I have been looking at tpl dataflow and tried to use on my current problem. Iām just not sure how to do it (or if I am barking up the wrong tree and there is something better suited).
I have a huge geojson-file with a lot of features that I would like to do some calculations on. The first part is pretty simple. Each feature has a property called time, and I need to save the data into seperate files by hour, i.e. a feature from 10:26 would be in a file called data10.geojson. The data is already sorted in time.
I would like to avoid loading the entire file into memory at once, so my idea was to load a single feature into memory, find out which hour it has and save it to the appropriate hour-file.
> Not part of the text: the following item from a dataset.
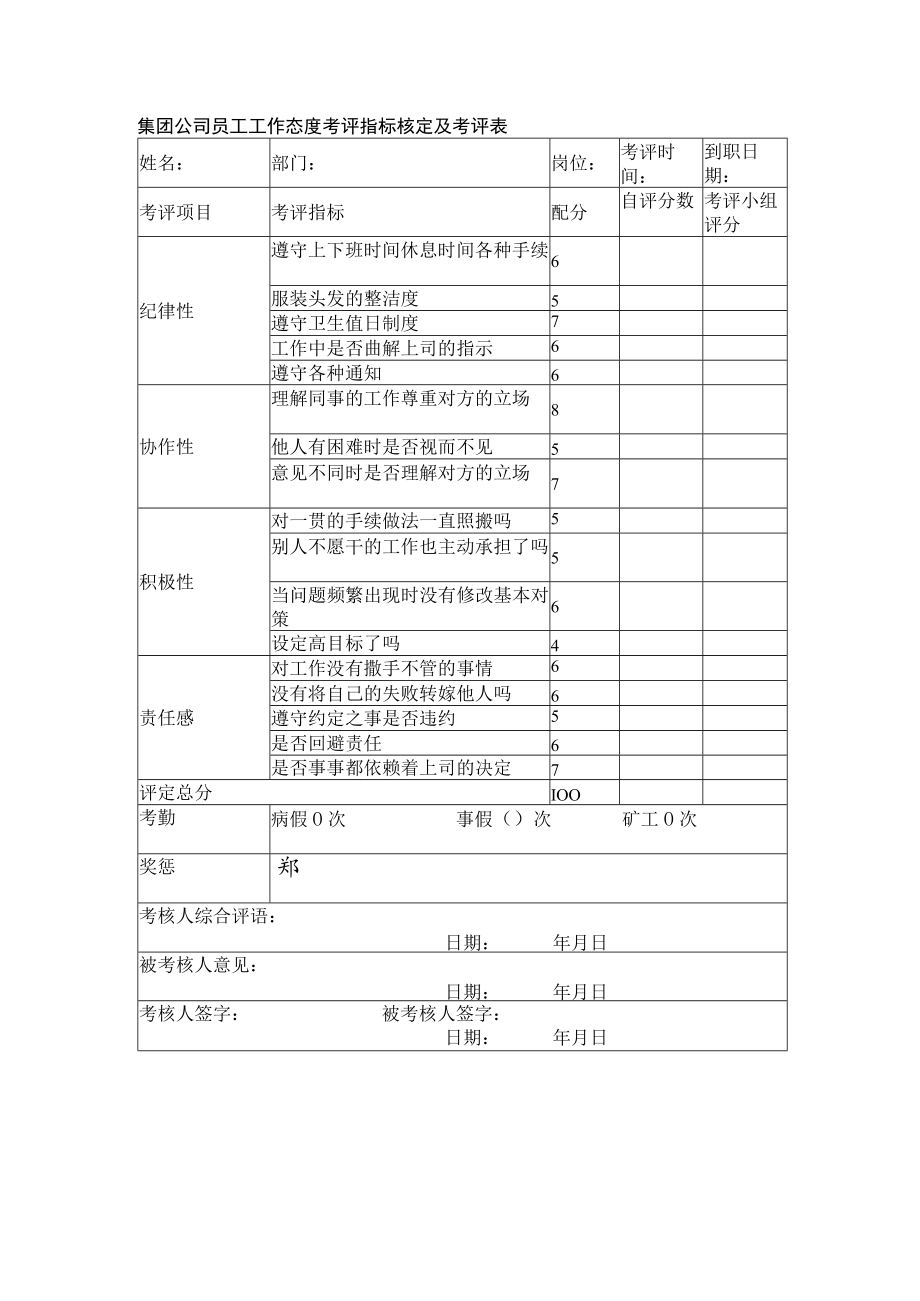 集团公司员工工作态度考评指标核定及考评表.docx_第1页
My idea was to use tpl dataflow to avoid having to wait for one feature to finish before starting on the next (assuming I understood this correctly).
Geojson sample:
{
"type": "FeatureCollection",
"features": [
{
"Type": "Feature",
"Geometry":
{
"Type": "Point",
"Coordinates": [9, 55]
},
"Properties":
{
"time":"2019-08-08 10:39"
}
},
Many more like this
]
}
Through a lot of googling I found a way to load the json features directly from the stream one by one (to avoid loading everything into memory):
ActionBlock<GeojsonFeature> writeOutFeature = new ActionBlock<GeojsonFeature>(feature => Console.WriteLine(JsonConvert.SerializeObject(feature)));
bool parsingArray = false;
using (FileStream fileStream = File.Open(inputPath, FileMode.Open))
using (StreamReader streamReader = new StreamReader(fileStream))
using (JsonReader jsonReader = new JsonTextReader(streamReader))
{
var serializer = new JsonSerializer();
while (jsonReader.Read())
{
// checking if the array has been reached yet
if (!parsingArray && jsonReader.TokenType == JsonToken.StartArray)
{
parsingArray = true;
continue; // next will be a feature
}
else if(jsonReader.TokenType == JsonToken.EndArray)
{
parsingArray = false;
continue;
}
// loading feature
if (parsingArray)
{
GeojsonFeature feature = serializer.Deserialize<GeojsonFeature>(jsonReader);
await writeOutFeature.SendAsync(feature);
}
}
writeOutFeature.Complete();
await writeOutFeature.Completion;
}
This merely writes out each feature in an ActionBlock, but I need to know how to save it to the file corresponding to the hour given in the feature properties. (They are ordered, so at an hour change the old file should be closed and a new should be opened and initialized).
In short: How do I load a feature, classify it, and save it to the appropriate output file without loading everything into memory (fast)?